**What is expected**
The line containing "Standbild amerikanische Armee" marks the end: write out exactly every line from the first line of the data below through that line, and only those.

------------------------------------------------------------

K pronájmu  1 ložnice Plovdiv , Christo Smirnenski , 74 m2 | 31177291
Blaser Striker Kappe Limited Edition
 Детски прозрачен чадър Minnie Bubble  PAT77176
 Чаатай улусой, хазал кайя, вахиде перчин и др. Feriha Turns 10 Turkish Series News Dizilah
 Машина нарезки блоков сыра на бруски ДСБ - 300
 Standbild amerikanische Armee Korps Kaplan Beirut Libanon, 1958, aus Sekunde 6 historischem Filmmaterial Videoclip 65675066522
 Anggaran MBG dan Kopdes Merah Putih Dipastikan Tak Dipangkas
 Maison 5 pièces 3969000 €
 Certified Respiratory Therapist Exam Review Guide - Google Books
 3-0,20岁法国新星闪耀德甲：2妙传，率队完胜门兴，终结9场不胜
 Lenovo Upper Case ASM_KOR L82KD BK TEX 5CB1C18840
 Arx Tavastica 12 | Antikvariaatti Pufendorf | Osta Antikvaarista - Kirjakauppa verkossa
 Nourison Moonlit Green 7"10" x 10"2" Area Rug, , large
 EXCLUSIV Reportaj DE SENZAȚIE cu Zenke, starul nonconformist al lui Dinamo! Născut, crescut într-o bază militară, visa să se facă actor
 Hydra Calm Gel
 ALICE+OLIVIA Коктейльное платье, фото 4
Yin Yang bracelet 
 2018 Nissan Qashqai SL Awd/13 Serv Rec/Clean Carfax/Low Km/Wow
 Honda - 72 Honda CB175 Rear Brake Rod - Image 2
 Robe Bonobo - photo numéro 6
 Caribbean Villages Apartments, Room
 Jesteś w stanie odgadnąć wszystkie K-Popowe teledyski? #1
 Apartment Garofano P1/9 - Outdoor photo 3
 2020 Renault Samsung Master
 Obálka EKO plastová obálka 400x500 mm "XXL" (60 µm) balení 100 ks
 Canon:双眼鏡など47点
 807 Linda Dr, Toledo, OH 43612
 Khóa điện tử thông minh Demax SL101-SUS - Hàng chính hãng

------------------------------------------------------------

**Solution to this problem**
K pronájmu  1 ložnice Plovdiv , Christo Smirnenski , 74 m2 | 31177291
Blaser Striker Kappe Limited Edition
 Детски прозрачен чадър Minnie Bubble  PAT77176
 Чаатай улусой, хазал кайя, вахиде перчин и др. Feriha Turns 10 Turkish Series News Dizilah
 Машина нарезки блоков сыра на бруски ДСБ - 300
 Standbild amerikanische Armee Korps Kaplan Beirut Libanon, 1958, aus Sekunde 6 historischem Filmmaterial Videoclip 65675066522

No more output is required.